$C = \{(a,-b,b,a)\ | a,b \in \mathbb{R} \} \subset \mathbb{R}^4$ with
$(+): (a,-b,b,a) + (c,-d,d,c) = (a+c,-(b+d),b+d,a+c)$
$(\cdot): (a,-b,b,a) \cdot (c,-d,d,c) = (ac-bd, -(bc+ad), bc+ad, ac-bd)$
Prove $(C,+,\cdot)$ is an isomorphic field to $\mathbb{C}$
So to prove:
1) $(C,+)$ is a commutative group
2) Associative property for $(\cdot)$
3) Distributive property
4) Commutative property for $(\cdot)$
5) Neutral element for$(\cdot)$
6) Inverse element for $(\cdot)$
After 1)-6) we have proven that it is a field.
7) Isomorphism: $(C,+_1, \cdot_1)$ and $(\mathbb{C},+_2, \cdot_2)$, $f: C \rightarrow \mathbb{C}$
To show: $f((a,-b,b,a) +_1 (c,-d,d,c)) = f((a,-b,b,a)) +_2 f((c,-d,d,c))$ and $f((a,-b,b,a) \cdot_1 (c,-d,d,c)) = f((a,-b,b,a)) \cdot_2 f((c,-d,d,c))$
I've already proven 1,3,4,5 and 6. But I have a mistake somewhere in 2 and I'm not sure how to do 7.

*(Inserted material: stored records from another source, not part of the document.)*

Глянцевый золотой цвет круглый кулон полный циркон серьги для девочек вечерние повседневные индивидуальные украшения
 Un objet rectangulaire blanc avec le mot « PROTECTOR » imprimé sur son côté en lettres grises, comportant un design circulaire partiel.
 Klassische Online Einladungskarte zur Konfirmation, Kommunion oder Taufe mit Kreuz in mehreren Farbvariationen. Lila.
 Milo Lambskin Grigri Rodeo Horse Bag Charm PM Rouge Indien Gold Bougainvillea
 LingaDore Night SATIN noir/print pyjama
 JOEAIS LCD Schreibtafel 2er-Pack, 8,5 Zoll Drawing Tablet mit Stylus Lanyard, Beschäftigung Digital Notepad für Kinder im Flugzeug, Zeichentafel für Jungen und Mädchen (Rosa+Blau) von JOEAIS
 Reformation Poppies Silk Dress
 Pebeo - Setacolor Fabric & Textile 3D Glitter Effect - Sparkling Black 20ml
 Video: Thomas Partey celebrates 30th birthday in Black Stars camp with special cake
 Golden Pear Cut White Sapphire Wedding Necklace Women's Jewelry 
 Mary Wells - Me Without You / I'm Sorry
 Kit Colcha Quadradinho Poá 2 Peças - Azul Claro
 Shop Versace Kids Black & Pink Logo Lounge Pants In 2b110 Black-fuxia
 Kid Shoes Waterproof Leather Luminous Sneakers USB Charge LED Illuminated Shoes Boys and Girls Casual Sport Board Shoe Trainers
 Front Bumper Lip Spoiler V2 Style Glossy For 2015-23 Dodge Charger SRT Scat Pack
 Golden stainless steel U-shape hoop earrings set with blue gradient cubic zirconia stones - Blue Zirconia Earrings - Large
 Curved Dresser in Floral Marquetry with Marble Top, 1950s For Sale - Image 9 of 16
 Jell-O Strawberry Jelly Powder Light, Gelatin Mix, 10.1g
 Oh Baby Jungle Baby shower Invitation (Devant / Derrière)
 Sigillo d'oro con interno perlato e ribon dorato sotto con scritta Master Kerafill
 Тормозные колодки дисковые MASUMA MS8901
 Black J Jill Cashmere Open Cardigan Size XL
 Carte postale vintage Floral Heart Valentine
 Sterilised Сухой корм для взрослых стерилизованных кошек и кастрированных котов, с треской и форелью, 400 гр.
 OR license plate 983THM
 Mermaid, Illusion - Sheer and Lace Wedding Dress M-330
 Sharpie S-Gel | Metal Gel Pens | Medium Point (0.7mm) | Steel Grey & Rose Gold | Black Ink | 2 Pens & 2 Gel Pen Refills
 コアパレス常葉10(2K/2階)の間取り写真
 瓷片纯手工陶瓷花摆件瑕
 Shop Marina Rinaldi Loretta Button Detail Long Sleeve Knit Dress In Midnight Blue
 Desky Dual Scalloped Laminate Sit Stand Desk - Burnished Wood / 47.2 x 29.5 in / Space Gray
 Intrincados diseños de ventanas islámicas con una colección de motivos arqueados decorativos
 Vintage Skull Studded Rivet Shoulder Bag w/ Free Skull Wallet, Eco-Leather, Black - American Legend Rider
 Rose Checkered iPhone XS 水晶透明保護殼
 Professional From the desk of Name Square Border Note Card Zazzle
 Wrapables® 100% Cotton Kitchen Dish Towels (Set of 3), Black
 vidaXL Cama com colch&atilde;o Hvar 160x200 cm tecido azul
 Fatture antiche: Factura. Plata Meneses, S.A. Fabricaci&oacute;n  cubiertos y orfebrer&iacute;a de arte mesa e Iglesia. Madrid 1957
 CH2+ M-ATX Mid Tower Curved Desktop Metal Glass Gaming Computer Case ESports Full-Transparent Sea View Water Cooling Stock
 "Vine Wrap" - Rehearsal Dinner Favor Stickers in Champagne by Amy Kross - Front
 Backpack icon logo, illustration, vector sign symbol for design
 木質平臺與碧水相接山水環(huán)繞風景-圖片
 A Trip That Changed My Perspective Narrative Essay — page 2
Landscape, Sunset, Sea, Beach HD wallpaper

2) $[(a,-b,b,a) \cdot (c,-d,d,c)] \cdot (f,-g,g,f) \\=(ac-bd, -(bc+ad), bc+ad, ac-bd) \cdot (f,-g,g,f)\\ =((ac-bd) \cdot f-(bc+ad)\cdot g, -((bc+ad)\cdot f + (ac-bd) \cdot g), \\ (bc+ad)\cdot f + (ac-bd) \cdot g, (ac-bd) \cdot f-(bc+ad)\cdot g) \\ =(acf-bdf-bcg-adg, -(bcf+adf+acg-bdg), \\ bcf+adf+acg-bdg, acf-bdf-bcg-adg) \\ = (a \cdot (cf-dg) -b \cdot (df+cg), -(b \cdot (cf-dg) + a \cdot (df+cg)), \\ b \cdot (cf-dg) + a \cdot (df+cg), a \cdot (cf-dg) -b \cdot (df+cg)) \\ = (a,-b,b,a) \cdot (cf-dg-(df+cg), -(cf-dg+df+cg), \\ cf-dg+df+cg, cf-dg-(df+cg)) \\ = (a,-b,b,a) \cdot (c \cdot (f-g)-d \cdot (g+f), -(c \cdot (f+g) + d \cdot (f-g)), \\ c \cdot (f+g) + d \cdot (f-g), c \cdot (f-g)-d \cdot (g+f)) \\ = (a,-b,b,a) \cdot [(c,-d,d,c) \cdot (f-g-g-f, -(f+g+f-g), \\ f+g+f-g, f-g-g-f)] \\ = (a,-b,b,a) \cdot [(c,-d,d,c) \cdot (-2g, -(2f), 2f, 2g)]$
I've checked it through but I can't find the mistake.
For 7):
$f((a,-b,b,a) +_1 (c,-d,d,c)) = f((a+_1c,-(b+_1d),b+_1d,a+_1c)) = ???$
How do I continue from here?
Best Answer
You can of course prove 1. - 6. by tedious computations. However, this is unnecessary. Simply define $$f: C \to \mathbb C, f(a,-b,b,a) = a + ib .$$ This is obviously a bijection and you can very easily verify that $f(\xi + \eta) = f(\xi) + f(\eta)$ and $f(\xi \cdot \eta) = f(\xi) \cdot f(\eta)$. This immediately implies that $(C,+,\cdot)$ is a field and $f$ is an isomorphism of fields.
Also note that you can identify $C$ with the set
$$C' = \left\lbrace\begin{pmatrix} a & -b\\b & a \end{pmatrix} \mid a,b \in \mathbb R \right\rbrace$$ of real $2 \times 2$-matrices via the association $(a,-b,b,a) \mapsto \begin{pmatrix} a & -b\\b & a \end{pmatrix}$. Under this association addition and mutiplication in $C$ correspond to matrix addition and matrix mutiplication. It is well-known that the set $C'$ is an alternative "model" of $\mathbb C$, and some authors have used it to introduce $\mathbb C$. To do so, simply show that $C'$ is closed wit respect to additon and multiplication of matrices which immediately shows that $C'$ is a ring (since the set $M_2(\mathbb R)$ of all real $2 \times 2$-matrices is one). The identity matrix is the multiplicative identity, and since each nonzero matrix in $ \mathcal A \in C'$ has determinant $\det(\mathcal A) = a^2 + b^2 > 0$, it has an inverse which is easily seen to be in $C'$. Finally you can show that multiplication is $C'$ is commutative. Therefore $C'$ is a field.